NEWS RELEASE ARCHIVES

Selections from the Photography Collection
Through May 27, 2001

This powerful exhibition surveys the history of photography through the Chrysler Museum Collection. The imagery ranges from the earliest daguerreotype and calotype images to camera-less work and digital imaging. Approximately half of the photographs in the exhibition are new acquisitions never shown in this context. This Gallery features a number of new works from the David L. Hack Collection of Civil War photography. Acquired by the Museum in 1998, these photographs will be featured in a forthcoming major exhibition. Also in this Gallery one can see new acquisitions by some of the finest 19th-century French photographers including Edouard Baldus, Maxime Du Camp, and the highly accomplished but virtually unknown Jean-Baptiste Frenet.
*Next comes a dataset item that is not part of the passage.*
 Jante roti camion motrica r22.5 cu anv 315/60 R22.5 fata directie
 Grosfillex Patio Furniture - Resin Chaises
The second Gallery features selections from the Museum's Civil Rights Movement Photography Collection. These photographs documented the Civil Rights battle that raged against racial injustice in America during the 1950s, 60s, and 70s. The publication of these images in newspapers, magazines, and other media helped create public awareness and implement meaningful social change. This is a prime example of Humanistic Photography, or of the medium being used to improve the human condition.

This Gallery also juxtaposes the work of Gary Schneider, Adolphe Bertsch, and Harold Edgerton. In the 1930s Edgerton developed a stroboscopic light to photograph objects moving faster than the human eye could discern. Through science, he was able to create images that embodied an aesthetic pleasure for the viewer. Similarly, in the 1850s Bertsch used the microscope to investigate a world that only could be viewed with extreme magnification. His image of the rear of a human iris is a fitting subject for this visual medium.
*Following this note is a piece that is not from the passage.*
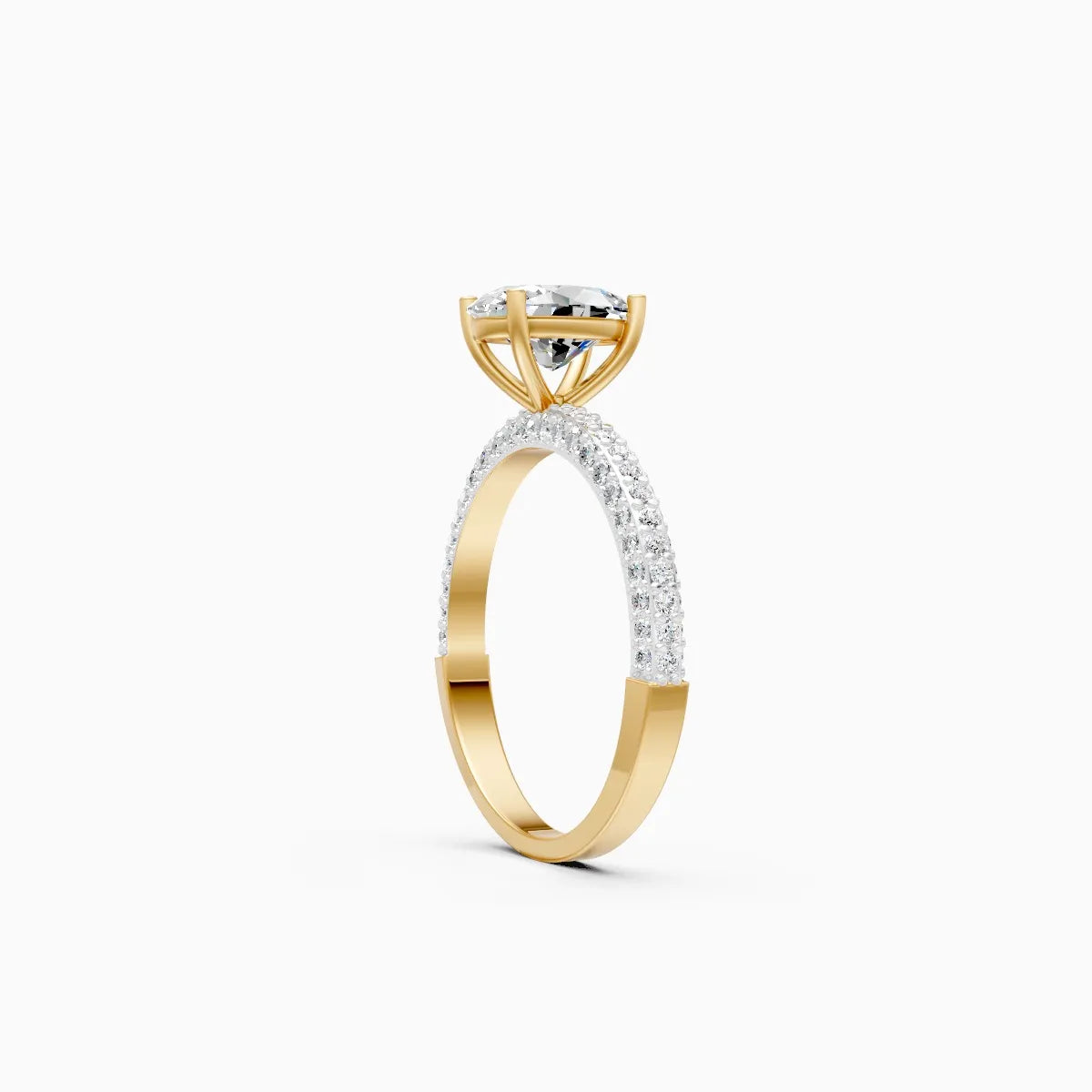 Grand Statement Oval Solitaire Diamond Ring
The third Gallery includes a section devoted to a wide range of portraiture, from Paul Strand's classically straightforward portrait of The Family to Nancy Burson's digital composite of the major world races. These examples illustrate that photography's ability to render the human subject is limited by only the artist's imagination. This extraordinary exhibition is on view in the Alice and Sol B. Frank Photography Galleries.